Image Note  The concept of a primary is and should be ephemeral. That is, ideally you should have no “fixed” concept of which node is primary. In a replica set, all of the secondaries are writing the same data as the primary in order to keep up with replication. Therefore, if the secondaries are substantially less capable, they may not be able to cope in the event they are promoted to primary.

What Is an Arbiter?

An arbiter is a non–data-bearing node that may be used to provide an additional vote if there are an even number of voting members in a replica set. It does not cast a deciding vote or direct which node is the primary, but participates and can be a member of a quorum to decide a primary. Arbiters are best used to help avoid the “split brain” problem described earlier. Consider the diagram shown in Figure 11-2. With the addition of an arbiter to Site A, we can always have one side that can create a majority. This means in the event of the network break, we don’t wind up with two primaries! We can add further resiliency by having an arbiter in a third Site C. This way, if Site A goes down we can still form a majority from the nodes in Sites B and C. Using a third site like this we can always continue in the event we lose connectivity to any one site.

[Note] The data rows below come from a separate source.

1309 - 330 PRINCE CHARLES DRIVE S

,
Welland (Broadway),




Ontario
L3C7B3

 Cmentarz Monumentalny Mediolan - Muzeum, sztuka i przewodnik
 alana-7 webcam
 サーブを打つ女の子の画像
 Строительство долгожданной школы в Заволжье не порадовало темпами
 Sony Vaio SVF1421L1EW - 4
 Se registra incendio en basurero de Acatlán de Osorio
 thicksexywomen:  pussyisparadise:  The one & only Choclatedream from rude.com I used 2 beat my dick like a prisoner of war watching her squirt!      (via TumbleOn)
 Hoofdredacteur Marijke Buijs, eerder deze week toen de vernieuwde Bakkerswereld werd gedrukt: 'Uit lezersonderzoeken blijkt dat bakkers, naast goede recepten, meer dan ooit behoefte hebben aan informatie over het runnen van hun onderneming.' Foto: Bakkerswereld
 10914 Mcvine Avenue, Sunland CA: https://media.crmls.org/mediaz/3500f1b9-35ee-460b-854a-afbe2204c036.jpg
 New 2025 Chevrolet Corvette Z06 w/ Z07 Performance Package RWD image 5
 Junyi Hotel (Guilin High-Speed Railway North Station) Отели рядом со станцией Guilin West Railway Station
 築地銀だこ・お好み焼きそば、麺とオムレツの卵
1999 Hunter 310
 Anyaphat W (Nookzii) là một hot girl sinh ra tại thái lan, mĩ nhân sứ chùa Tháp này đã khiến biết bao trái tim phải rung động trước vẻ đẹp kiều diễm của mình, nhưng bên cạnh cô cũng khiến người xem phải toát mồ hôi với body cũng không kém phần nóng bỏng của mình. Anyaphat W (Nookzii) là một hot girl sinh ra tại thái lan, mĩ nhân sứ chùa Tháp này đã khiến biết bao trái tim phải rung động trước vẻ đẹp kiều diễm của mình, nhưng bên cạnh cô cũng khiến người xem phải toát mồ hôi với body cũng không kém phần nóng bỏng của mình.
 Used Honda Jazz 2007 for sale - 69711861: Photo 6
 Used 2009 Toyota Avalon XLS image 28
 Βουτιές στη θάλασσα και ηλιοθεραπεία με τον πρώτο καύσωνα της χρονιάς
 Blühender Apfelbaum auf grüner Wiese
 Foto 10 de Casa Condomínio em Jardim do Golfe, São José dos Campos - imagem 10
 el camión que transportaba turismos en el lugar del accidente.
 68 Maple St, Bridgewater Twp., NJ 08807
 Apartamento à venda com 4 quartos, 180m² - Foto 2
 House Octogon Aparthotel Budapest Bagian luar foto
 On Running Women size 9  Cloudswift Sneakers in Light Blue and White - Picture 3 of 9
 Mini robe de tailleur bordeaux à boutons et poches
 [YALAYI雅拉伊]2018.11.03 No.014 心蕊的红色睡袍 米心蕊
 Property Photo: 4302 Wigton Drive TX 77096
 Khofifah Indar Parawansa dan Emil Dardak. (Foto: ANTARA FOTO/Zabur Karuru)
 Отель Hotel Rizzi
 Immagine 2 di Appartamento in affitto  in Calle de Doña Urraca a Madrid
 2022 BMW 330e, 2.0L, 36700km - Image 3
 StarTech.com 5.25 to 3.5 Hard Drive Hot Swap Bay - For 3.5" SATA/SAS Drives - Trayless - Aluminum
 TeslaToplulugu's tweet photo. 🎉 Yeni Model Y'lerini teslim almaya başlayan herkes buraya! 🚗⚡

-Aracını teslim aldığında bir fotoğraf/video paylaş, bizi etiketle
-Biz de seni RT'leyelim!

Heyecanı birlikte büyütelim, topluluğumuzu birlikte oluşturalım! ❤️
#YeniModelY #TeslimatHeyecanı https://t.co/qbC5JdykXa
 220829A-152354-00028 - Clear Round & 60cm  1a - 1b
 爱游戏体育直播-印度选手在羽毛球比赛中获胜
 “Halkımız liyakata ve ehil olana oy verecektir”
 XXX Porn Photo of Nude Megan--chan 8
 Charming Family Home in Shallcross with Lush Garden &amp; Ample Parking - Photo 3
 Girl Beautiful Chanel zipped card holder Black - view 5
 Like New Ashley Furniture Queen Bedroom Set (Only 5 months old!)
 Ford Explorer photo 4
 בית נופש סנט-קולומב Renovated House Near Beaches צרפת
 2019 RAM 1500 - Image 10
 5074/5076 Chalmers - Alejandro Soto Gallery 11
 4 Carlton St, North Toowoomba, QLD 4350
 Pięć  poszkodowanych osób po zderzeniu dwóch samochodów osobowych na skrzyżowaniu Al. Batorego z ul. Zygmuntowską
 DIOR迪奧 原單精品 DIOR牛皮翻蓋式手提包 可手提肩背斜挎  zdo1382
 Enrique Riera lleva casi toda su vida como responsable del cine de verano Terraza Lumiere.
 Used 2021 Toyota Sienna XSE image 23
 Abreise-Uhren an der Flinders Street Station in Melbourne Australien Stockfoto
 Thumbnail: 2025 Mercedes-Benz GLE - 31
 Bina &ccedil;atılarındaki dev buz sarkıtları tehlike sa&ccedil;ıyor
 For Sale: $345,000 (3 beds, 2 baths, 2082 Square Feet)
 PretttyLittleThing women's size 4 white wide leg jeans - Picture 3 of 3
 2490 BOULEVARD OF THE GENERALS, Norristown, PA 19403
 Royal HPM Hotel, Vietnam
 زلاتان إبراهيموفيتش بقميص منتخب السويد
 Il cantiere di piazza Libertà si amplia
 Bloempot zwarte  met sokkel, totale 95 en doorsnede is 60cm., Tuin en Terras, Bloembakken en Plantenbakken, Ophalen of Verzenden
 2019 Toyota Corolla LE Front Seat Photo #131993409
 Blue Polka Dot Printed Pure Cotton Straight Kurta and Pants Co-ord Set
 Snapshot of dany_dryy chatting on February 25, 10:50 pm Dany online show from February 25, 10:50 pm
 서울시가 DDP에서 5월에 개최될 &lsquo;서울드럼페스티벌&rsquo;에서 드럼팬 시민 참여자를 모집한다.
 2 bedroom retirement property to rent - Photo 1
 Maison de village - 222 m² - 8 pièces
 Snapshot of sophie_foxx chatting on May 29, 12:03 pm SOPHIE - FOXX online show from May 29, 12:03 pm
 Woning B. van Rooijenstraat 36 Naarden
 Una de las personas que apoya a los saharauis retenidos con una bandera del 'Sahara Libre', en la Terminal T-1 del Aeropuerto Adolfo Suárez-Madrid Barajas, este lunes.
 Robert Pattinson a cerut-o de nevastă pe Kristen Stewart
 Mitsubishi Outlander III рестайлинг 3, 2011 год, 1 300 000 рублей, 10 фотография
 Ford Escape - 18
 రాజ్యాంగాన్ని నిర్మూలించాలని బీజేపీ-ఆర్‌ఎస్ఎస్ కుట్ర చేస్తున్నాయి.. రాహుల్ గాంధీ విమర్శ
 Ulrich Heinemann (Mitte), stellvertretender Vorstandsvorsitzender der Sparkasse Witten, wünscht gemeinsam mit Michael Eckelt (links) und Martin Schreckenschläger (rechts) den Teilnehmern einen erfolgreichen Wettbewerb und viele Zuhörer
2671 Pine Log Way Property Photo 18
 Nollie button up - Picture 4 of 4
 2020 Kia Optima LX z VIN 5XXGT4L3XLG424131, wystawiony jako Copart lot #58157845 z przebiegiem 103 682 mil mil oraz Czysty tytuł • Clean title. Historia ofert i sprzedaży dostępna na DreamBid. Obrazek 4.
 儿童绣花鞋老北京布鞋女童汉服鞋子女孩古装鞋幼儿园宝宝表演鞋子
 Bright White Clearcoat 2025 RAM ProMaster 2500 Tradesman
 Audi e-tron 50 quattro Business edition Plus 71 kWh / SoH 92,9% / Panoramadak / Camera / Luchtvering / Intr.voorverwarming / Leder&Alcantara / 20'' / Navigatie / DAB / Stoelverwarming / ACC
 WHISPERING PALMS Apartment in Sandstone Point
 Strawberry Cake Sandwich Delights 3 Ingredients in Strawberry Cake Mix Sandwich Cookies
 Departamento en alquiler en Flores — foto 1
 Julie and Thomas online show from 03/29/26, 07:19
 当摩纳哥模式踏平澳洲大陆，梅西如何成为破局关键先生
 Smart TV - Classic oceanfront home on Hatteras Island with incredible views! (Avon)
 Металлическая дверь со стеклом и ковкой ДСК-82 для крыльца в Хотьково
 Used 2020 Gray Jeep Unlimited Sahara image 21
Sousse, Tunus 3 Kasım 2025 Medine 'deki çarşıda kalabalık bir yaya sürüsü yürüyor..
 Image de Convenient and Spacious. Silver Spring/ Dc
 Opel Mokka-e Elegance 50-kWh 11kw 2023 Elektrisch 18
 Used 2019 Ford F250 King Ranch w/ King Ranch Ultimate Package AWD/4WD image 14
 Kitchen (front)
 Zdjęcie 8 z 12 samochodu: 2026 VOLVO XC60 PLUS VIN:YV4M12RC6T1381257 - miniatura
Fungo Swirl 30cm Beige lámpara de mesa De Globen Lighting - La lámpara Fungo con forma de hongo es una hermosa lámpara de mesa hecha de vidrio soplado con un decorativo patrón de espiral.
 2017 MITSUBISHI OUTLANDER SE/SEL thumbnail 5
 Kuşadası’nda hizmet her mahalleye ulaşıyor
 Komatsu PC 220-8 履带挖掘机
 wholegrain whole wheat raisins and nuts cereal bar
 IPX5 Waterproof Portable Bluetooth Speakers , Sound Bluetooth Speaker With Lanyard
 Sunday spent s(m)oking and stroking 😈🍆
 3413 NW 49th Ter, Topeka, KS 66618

9781484211830_Fig11-02.jpg

Figure 11-2. Split brain problem solved

Drilling Down on the Oplog

In simple terms, the oplog (operation log) is a capped collection with a rolling record of the changes that a primary instance makes to its databases for the purpose of replaying those changes to a secondary to ensure that the databases are identical. Each member of a replica set maintains its own oplog, and the secondaries query the primary’s (or other more up-to-date secondary’s via replication chaining) oplog for new entries to apply to their own copies of all databases.

The oplog creates a timestamp for each entry. This enables a secondary to track how far it has read from the oplog during a previous read and what entries it needs to transfer to catch up. If you stop a secondary and restart it a relatively short later time, it will use the primary’s oplog to retrieve all the changes it has missed while offline.

Because it is not practical to have an infinitely large oplog, the oplog is limited or capped at a particular size.

You can think of the oplog as a window on the recent activity of your primary instance; if that window is too small, then operations will be lost from the oplog before they can be applied to the secondaries. If an oplog has not yet been created on the current instance, the --oplogSize startup option allows you to set the size of your oplog in megabytes. By default for a Linux or Windows 64-bit system, the oplogSize will be set to 5 percent of the free disk space available for data storage with a minimum of 1GB and a maximum of 50GB. If your system is write/update intensive, then you may need to increase this size to ensure that secondaries can be offline for a reasonable amount of time without losing data.

For example, if you have a daily back up from a secondary that takes an hour to complete, the size of the oplog will have to be set to allow the secondary to stay offline for that hour plus an additional amount of time to provide a safety margin. For more background on backup strategies, see Chapter 9, but you should take your chosen backup strategy into account when sizing your oplog.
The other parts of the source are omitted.